# NEWB Corals



## Fishnewb1 (Mar 24, 2006)

What would you recomend for a beginner coral.

130w.
55g

4 fish:

2 Tangs
2 Clowns


----------



## leveldrummer (May 27, 2005)

what kinda lights do you have, i know its 130w but what kind?


----------



## flamingo (Nov 5, 2005)

Mushroom coral and possibly some polyps. They do good under lower lighting.


----------



## fishfingers (Apr 10, 2006)

Mushies and zoo's. You cant really go wrong with these guys.


----------



## Fishnewb1 (Mar 24, 2006)

2 tube T-12 florecents, 2 tube T-5 florecents


----------



## Osiris (Jan 18, 2005)

Stick with softies and you can't go wrong, excellent low lighting corals. Mushrooms, green starburst polyps, eh kinda iffy on zoa's they seem to really flourish under medium to high lighting.


----------



## Fishfirst (Jan 24, 2005)

mushrooms, hairy mushrooms, leathers, xenia


----------



## Fishnewb1 (Mar 24, 2006)

yes those are good for low light but are any of them low maintanance??

As for you who have read my other posts i am a beginner and i would need a begineer coral.

I have heard xenia's require expert care??


----------



## leveldrummer (May 27, 2005)

Fishnewb1 said:


> I have heard xenia's require expert care??


you have heard wrong, the only thing ive heard is xenia's dont ship well, so moving them even from a lfs could be a problem, but once in a tank. they are weeds. grow like crazy. mushrooms would be great. there are many "low maintenance" corals, but you might be able to get something nicer. the t-5 are vho lights right? i think there are a ton of corals that dont require feeding. they simple catch food thats meant for fish. all the ones mentioned before. maybe some hammers, frogspawns, ricordia, these last three are "aggresive" corals, they need some space around them so the dont sting others. someone correct me if im wrong about any of this.


----------



## flamingo (Nov 5, 2005)

I just suggested most polyps and mushrooms because that's all I could think of lmao.
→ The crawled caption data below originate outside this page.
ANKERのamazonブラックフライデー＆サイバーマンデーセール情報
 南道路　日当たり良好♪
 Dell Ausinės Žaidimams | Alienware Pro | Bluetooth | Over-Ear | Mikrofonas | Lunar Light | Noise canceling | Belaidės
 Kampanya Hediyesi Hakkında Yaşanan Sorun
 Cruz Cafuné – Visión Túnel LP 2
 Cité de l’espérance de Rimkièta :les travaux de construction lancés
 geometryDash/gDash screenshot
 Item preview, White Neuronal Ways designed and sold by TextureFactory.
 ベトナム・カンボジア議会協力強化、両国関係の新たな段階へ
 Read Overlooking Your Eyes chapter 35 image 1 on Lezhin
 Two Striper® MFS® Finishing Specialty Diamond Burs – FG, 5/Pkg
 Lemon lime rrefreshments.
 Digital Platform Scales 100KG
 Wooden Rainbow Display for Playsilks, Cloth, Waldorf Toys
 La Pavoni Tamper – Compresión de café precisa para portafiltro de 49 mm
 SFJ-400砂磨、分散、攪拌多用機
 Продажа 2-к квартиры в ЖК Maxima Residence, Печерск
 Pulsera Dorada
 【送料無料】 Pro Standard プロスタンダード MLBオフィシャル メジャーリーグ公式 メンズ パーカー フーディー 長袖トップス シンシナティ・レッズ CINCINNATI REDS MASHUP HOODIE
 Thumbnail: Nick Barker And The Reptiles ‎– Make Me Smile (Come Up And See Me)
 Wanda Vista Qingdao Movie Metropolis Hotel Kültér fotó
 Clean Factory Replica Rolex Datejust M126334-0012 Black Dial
The only real coral type thing I have are mushrooms, they are in a ten gallon under regular flourescent lighting and are doing great. You don't really need to do anything with them other than put them in a good spot right off the bat and make sure you turn on the lights. Heck, some mushrooms even die if exposed to too much high lighting.

From what i've heard, like said by level, xenias are only really hard to ship and the initial acclimation. If they comeback good they usually spread out and grow like crazy.


----------



## TheOldSalt (Jan 28, 2005)

You can expect good luck with any of the ones mentioned already. Xenia has a wee more maintenance need than the others in that it's rapid growth requires more trace elements additives, but it's SO worth it if you ask me. You can have a tank STUFFED full of the stuff in a year if you desire just by "replanting" the trimmings.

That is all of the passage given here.